Supplied entries:
########################################

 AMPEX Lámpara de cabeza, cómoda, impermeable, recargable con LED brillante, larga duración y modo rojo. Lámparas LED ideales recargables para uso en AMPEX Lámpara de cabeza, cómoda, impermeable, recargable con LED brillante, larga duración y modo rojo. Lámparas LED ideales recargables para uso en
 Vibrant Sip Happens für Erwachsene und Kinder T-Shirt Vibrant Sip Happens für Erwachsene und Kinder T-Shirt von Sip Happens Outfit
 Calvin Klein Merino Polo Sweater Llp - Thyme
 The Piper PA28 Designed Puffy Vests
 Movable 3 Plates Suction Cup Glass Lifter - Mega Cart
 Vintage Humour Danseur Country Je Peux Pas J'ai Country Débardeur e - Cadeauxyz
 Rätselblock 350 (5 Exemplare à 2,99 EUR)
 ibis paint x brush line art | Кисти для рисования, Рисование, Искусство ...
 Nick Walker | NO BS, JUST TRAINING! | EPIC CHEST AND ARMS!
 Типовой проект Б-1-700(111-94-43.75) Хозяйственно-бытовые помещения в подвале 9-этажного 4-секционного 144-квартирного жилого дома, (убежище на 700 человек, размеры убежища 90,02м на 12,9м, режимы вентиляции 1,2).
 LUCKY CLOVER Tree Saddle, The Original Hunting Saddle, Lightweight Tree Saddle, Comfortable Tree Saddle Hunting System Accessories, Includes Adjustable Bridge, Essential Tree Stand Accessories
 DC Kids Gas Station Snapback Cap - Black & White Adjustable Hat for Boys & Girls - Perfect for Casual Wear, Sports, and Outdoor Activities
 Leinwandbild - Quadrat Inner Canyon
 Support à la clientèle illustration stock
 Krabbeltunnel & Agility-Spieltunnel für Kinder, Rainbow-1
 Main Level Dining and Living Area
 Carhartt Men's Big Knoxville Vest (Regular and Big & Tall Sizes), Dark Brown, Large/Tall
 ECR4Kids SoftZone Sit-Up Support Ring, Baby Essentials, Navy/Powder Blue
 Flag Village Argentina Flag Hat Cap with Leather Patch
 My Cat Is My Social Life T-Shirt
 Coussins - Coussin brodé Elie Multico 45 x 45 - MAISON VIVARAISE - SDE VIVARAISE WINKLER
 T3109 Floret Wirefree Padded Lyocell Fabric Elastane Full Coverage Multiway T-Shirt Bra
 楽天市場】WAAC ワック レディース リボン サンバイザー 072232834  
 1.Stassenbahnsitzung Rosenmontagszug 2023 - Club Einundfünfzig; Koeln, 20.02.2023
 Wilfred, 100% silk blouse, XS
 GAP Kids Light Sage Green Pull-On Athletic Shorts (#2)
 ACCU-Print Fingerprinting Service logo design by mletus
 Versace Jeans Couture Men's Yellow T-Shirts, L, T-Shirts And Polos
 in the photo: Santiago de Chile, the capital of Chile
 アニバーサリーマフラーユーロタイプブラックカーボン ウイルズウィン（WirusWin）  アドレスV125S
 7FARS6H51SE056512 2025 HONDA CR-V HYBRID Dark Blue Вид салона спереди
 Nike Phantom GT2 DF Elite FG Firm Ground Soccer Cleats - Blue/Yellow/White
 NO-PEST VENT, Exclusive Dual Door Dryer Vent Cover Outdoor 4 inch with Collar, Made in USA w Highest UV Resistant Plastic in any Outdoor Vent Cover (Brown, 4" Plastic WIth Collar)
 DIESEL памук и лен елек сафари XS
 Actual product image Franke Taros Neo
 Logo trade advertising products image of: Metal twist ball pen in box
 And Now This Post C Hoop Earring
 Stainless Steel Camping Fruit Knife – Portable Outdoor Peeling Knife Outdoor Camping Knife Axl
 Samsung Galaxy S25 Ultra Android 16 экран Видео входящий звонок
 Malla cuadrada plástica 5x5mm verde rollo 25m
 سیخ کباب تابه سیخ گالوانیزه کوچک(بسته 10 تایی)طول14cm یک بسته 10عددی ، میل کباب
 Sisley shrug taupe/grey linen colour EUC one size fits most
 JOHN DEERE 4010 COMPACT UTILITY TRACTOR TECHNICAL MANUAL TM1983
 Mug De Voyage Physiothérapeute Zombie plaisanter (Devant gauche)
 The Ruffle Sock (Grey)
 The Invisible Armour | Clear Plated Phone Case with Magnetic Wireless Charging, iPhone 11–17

########################################

Task goal:
Quote exactly the stretch of lines above that starts at the first one and ends at the line with "Типовой проект Б-1-700(111-94-43.75)", and nothing beyond it.

Response below:
 AMPEX Lámpara de cabeza, cómoda, impermeable, recargable con LED brillante, larga duración y modo rojo. Lámparas LED ideales recargables para uso en AMPEX Lámpara de cabeza, cómoda, impermeable, recargable con LED brillante, larga duración y modo rojo. Lámparas LED ideales recargables para uso en
 Vibrant Sip Happens für Erwachsene und Kinder T-Shirt Vibrant Sip Happens für Erwachsene und Kinder T-Shirt von Sip Happens Outfit
 Calvin Klein Merino Polo Sweater Llp - Thyme
 The Piper PA28 Designed Puffy Vests
 Movable 3 Plates Suction Cup Glass Lifter - Mega Cart
 Vintage Humour Danseur Country Je Peux Pas J'ai Country Débardeur e - Cadeauxyz
 Rätselblock 350 (5 Exemplare à 2,99 EUR)
 ibis paint x brush line art | Кисти для рисования, Рисование, Искусство ...
 Nick Walker | NO BS, JUST TRAINING! | EPIC CHEST AND ARMS!
 Типовой проект Б-1-700(111-94-43.75) Хозяйственно-бытовые помещения в подвале 9-этажного 4-секционного 144-квартирного жилого дома, (убежище на 700 человек, размеры убежища 90,02м на 12,9м, режимы вентиляции 1,2).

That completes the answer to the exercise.